In the first challenge, contestants ranging from 23 to 62 years-old  are randomly paired off and asked to produce a visual work that captures  the essence of their partner. A three-person panel of judges decides  who has responded best to the challenge, and who will go home. In future episodes, the contestants must create unique pieces in  mediums such as sculpture, photography, collage and industrial design.

"When we started reaching out to the art community, we were worried  that people would be against the idea of a reality show. What we found  was that people were pretty receptive," said Cutforth.

Or maybe they were desperate for a way to make a living; let's face it - if a contestant "wins" one of these shows, he or she has a shot at sales, a gallery and a huge step up in the competitive art scene. Artists don't live in an ivory tower, or, at least, those who have to pay the rent and put food on the table don't. I don't blame them for participating in this but it certainly can lead to a further degradation of any method of judging what's good and what's not. Far too often now, we judge solely by price; if a piece of art sells for a lot of money, it must be good. No sales equals bad art. By that standard, Van Gogh was a failure as were many artists whom we now value.

More than 2,000 people from oil painters to conceptual artists and  silk-screen experimenters applied to take part, reflecting the hunger  for a larger public canvas for an often misunderstood form of  expression. But will the show encourage more people to seek out art or simply be satisfied with what may be a visual version of McDonald's?

"One of our goals for this show is for people to realize that art is  all around them. It shouldn't frighten people to have opinions," said  Jane Lipsitz, Cutforth's Magical Elves business partner.
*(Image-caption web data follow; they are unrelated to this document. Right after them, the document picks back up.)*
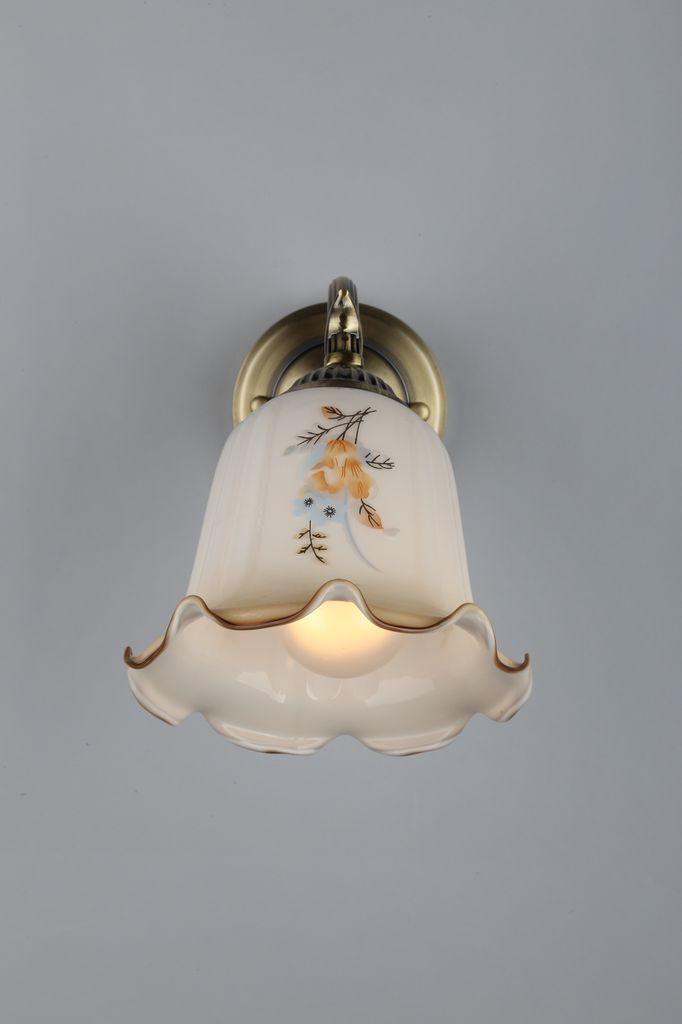 oml-61001-01 бра настенное omnilux lodi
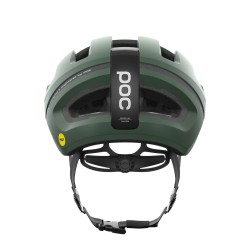 Kask szosowy POC Omne Air MIPS - fluorescent orange matt rozmiar: m
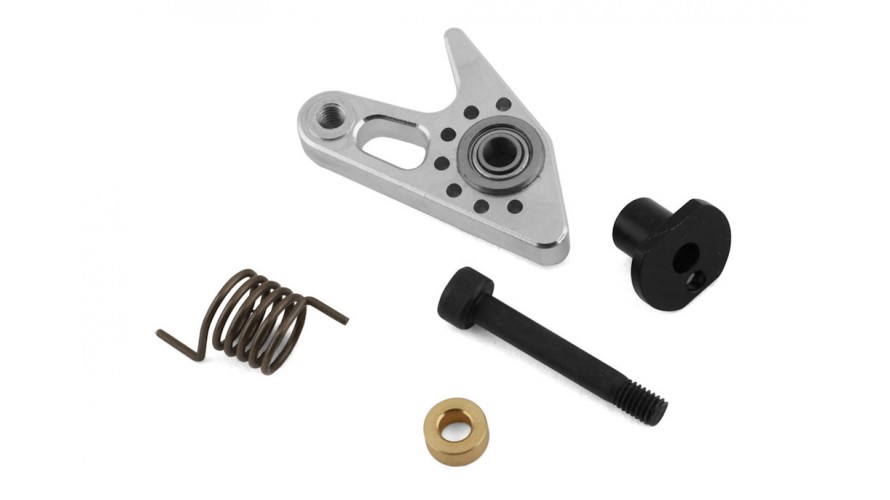 ALIGN T-REX TB70 Belt Pulley Arm Set HB70B026AXW ALIGN T-REX TB70 Belt Pulley Arm Set HB70B026AXW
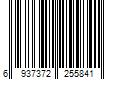 Barcode Image for UPC code 6937372255841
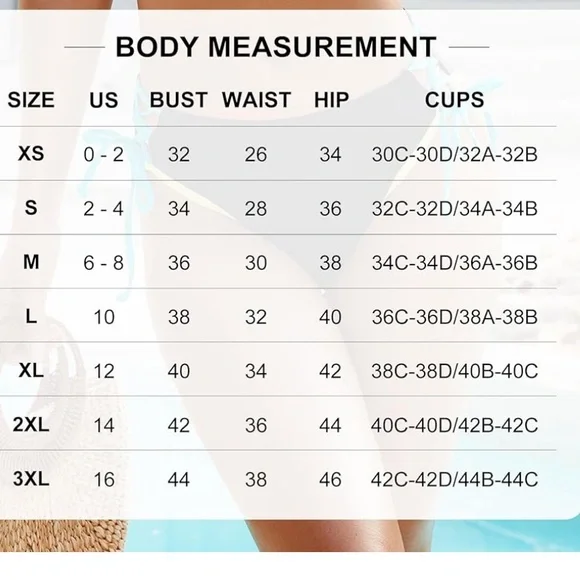 Blooming Jelly Women's Bikini Set Two Piece Swimsuit Triangle 90’s Neon Pink NWT - Picture 3 of 6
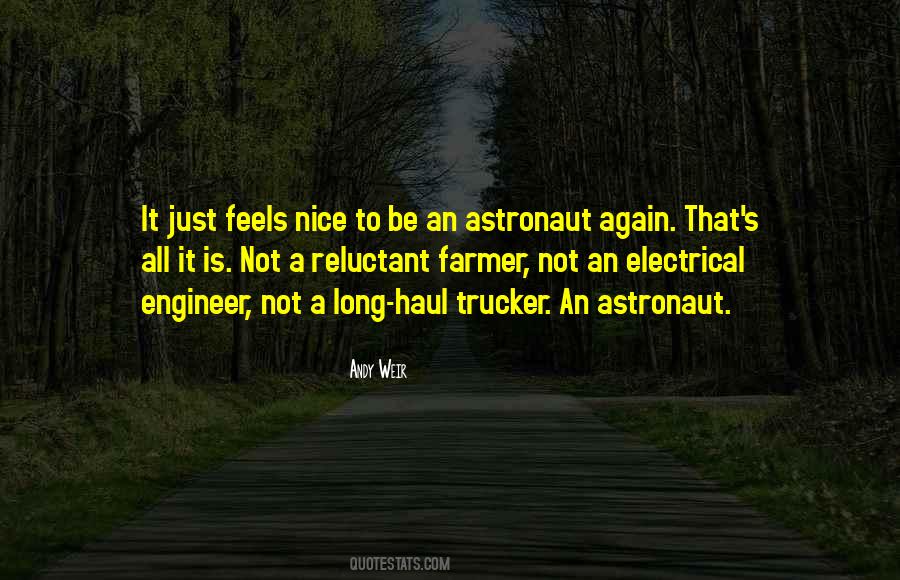 Be Nice To All Quotes #360688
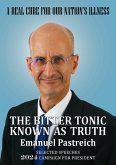 The Bitter Tonic Known as Truth (eBook, ePUB)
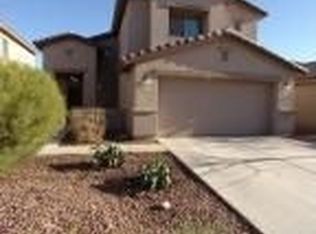 42237 W Calle St, Maricopa, AZ 85138
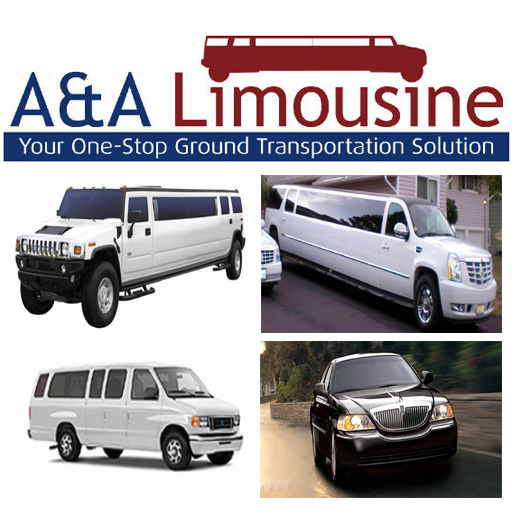A&A Limousine - Seattle Limo 交通運輸 App LOGO-APP開箱王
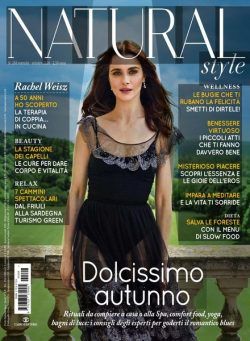 Natural Style – Ottobre 2020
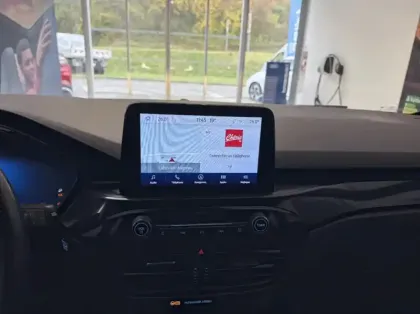 Photo 3 Ford Kuga 2.5 Duratec 190ch FHEV E85 ST-Line BVA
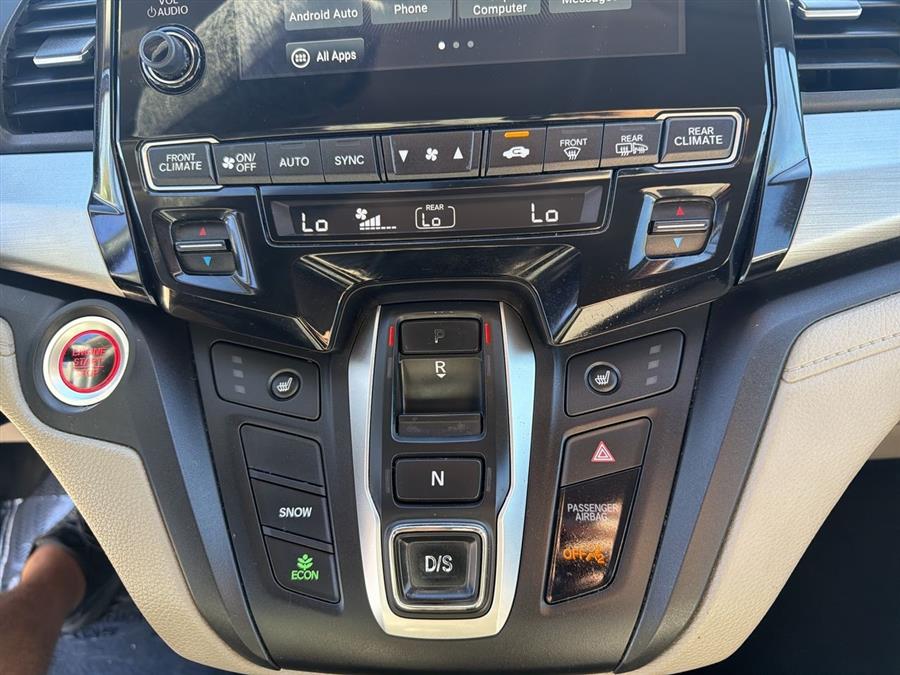 2018 Honda Odyssey EX, available for sale in Elida, Ohio | Josh's All Under Ten LLC. Elida, Ohio 2018 Honda Odyssey EX, available for sale in Elida, Ohio | Josh's All Under Ten LLC. Elida, Ohio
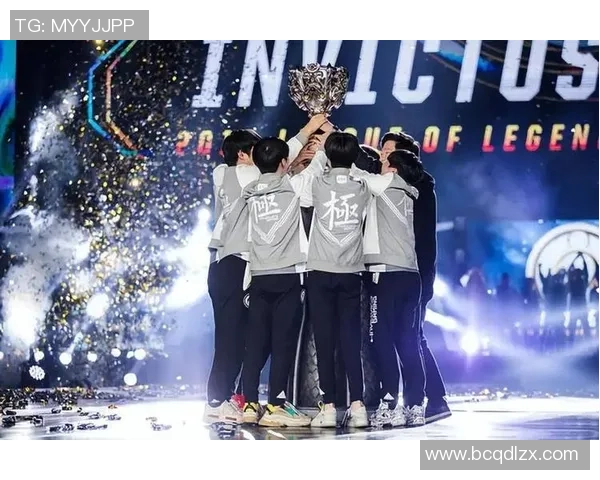 英雄联盟精彩解析：深入探讨IG战队的团队配合与战术策略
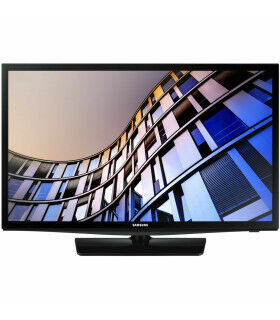 Samsung UE24N4305AEX 24" HD LED - L'expérience visuelle ultime en haute définition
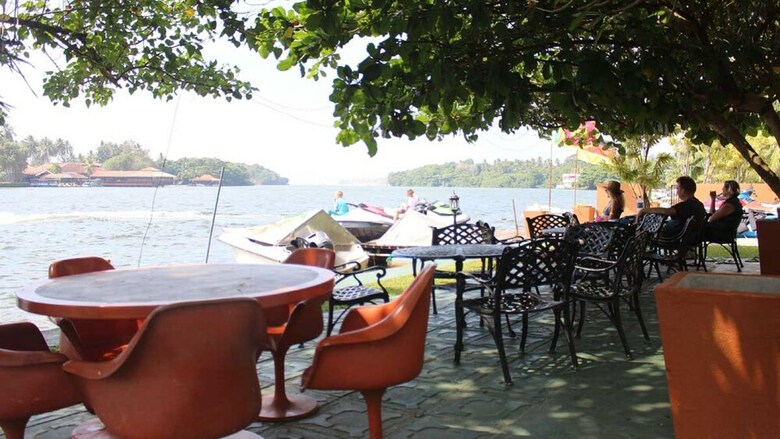 Hotel Ranga Holiday Resort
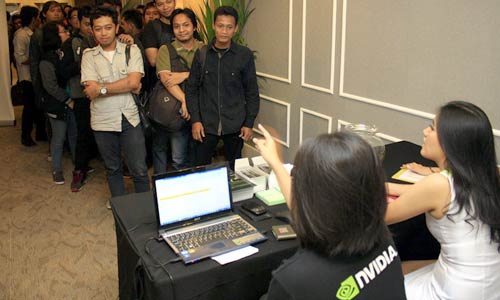 nvidia surabaya 4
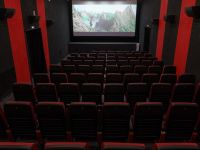 Кинотеатр «Знамя»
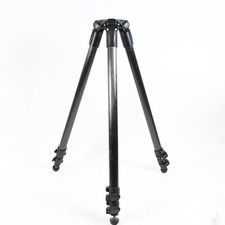 Manfrotto 535 MPRO Carbon Fiber Video Tripod Legs Bogen 644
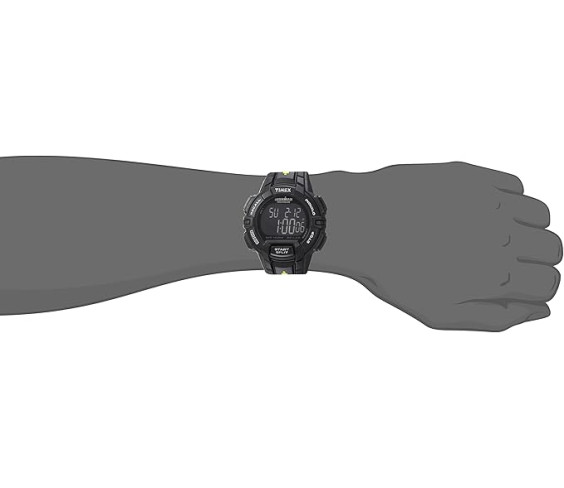 Годинник Timex Men's Ironman Rugged 30 44mm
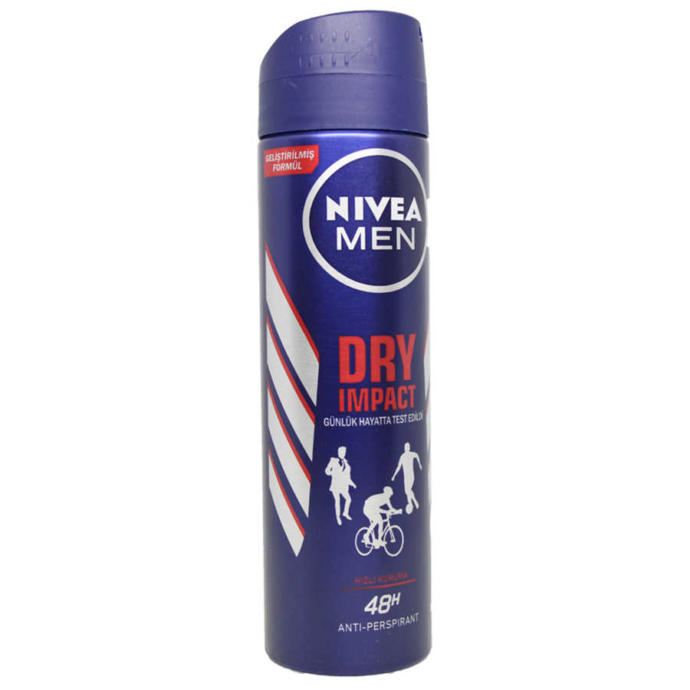 Erkek Deodorantta Nivea mı Rexona mı Daha İyi? Hangisini Tercih Edersiniz?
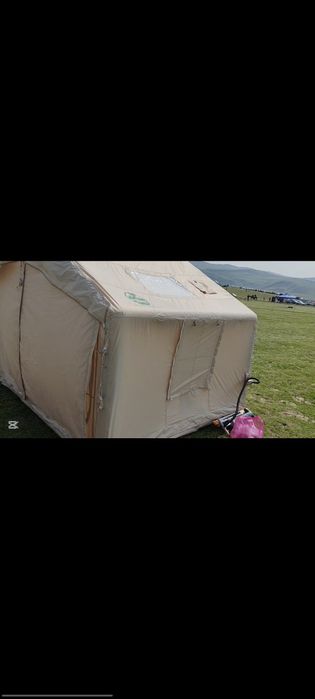 Палатка в аренду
"People perceive art as being possibly elitist and a rarefied world.  So it would be amazing if we were to bring art more into the  mainstream," she said. Unfortunately for this laudable goal, the artists presented in the PR photo look, for the most part, young, attractive and today's version of hip. They don't look unique but more of the glossy, standardized model that we get on every other TV channel. Maybe the show will prove me wrong. I was appalled by the idea when I first read about it and I haven't seen anything that makes me feel otherwise. Or at least, not yet.

The TV show has been embraced by some professionals.  Mixed-media artist Jon Kessler and photographer Andres Serrano are  among the guest judges, while the permanent panel is made up of New York  gallery owners Bill Powers and Jeanne Greenberg Rohatyn, and New York  Magazine art critic Jerry Saltz. What? No 800-dial-in-your-choice-for-this-evening's-contestant? Any bests as to whether they will have a text messaging option set up by the end of the first week?

Art auctioneer Simon de Pury acts as mentor to the contestants, and  the series winner gets a prestigious solo show at the Brooklyn Museum,  the second-largest art museum in New York City.

"I think the art world is definitely risky. It would be very easy  for people to think this show is not for them. But I think people who  actually watch will be sucked in," said Cutforth.

I will watch. After all, it's summer and the TV pickings are slim. But I'm withholding judgment, which one does anyway with a new show. It just seems wrong that something that can be as life-affirming and soul satisfying as art is turned into a spectator sport in this fashion.

One wonders what Louise would say.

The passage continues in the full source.